Project Helix, cette console nouvelle génération propulsée par une puce AMD Magnus, reste entourée d’un brouillard savamment entretenu. L’insider Moore’s Law Is Dead rapportait après la GDC 2026 que les développeurs la décrivent davantage comme une console traditionnelle que comme un PC déguisé, avec une interface familière aux propriétaires de Series X|S et la possibilité technique de verrouiller certains jeux en exclusivité Xbox via le Game Development Kit. Jez Corden, journaliste de Windows Central et source régulièrement fiable sur l’écosystème Microsoft, affirmait dès mi-2025 que la machine embarquerait « le silicium nécessaire pour faire tourner nativement les jeux Xbox One, Xbox Series et Xbox 360 », du moins ceux déjà intégrés au programme de rétrocompatibilité. Helix jouerait donc les jeux PC par défaut tout en digérant trois générations de catalogues Xbox, une ambition qui transforme chaque ancien disque en passeport vers un écosystème unifié.

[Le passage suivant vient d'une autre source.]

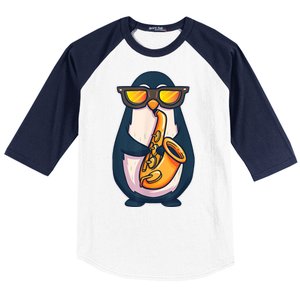 Saxophone Player Penguin Jazz Band Music Animal Lovers Gift Baseball Sleeve Shirt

Le programme « disc-to-digital » constitue peut-être le volet le plus audacieux de cette stratégie. Le principe est aussi élégant qu’il est lourd de conséquences pour le marché de l’occasion. Un joueur insère un disque Xbox One ou Xbox Series dans une console équipée d’un lecteur optique (Xbox One ou Series X), et se voit attribuer une licence numérique liée simultanément au disque physique et à son compte. Cette licence voyage ensuite d’appareil en appareil, y compris vers des machines dépourvues de lecteur. Mais si le disque « change de mains », la licence bascule vers le nouveau propriétaire, privant l’ancien de tout accès à la version dématérialisée. La revente et l’échange de jeux physiques restent donc théoriquement possibles… tout en amorçant une transition irréversible vers le tout-numérique.

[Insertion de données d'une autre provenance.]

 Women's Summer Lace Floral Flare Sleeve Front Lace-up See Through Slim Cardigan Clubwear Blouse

Microsoft avait initialement prévu de tester ce mécanisme auprès des Xbox Insiders en juillet, avec une disponibilité générale dès août, mais le bêta-test a été repoussé sans nouvelle date confirmée. Ce retard n’a rien d’anodin quand on sait que Sony a déjà déclaré la mort du disque de jeu. Microsoft semble vouloir ménager une transition plus douce, offrant aux collectionneurs et aux amateurs de boîtiers un pont entre deux époques plutôt qu’une rupture sèche.
Toute cette réorganisation s’inscrit dans le « reset » massif annoncé par Xbox en juillet, qui s’est accompagné de milliers de licenciements et de la cession de quatre studios. La philosophie « This is an Xbox », appliquée aussi bien à une console de salon qu’à un portable Asus ROG ou à un PC certifié, exige un catalogue capable de voyager partout. Rendre les jeux Xbox 360 jouables sur PC, c’est bâtir une bibliothèque comparable à ce que Steam propose depuis des années, et qui pourrait, selon certaines sources, être protégée d’une concurrence directe de Valve sur la plateforme Helix elle-même.
Reste une question vertigineuse, que Microsoft esquive encore soigneusement. Qui, en 2028, achètera encore une console avec lecteur de disques si chaque galette peut être convertie en licence cloud ? La réponse se trouve sans doute déjà gravée quelque part dans un autre document interne, attendant patiemment sa prochaine fuite.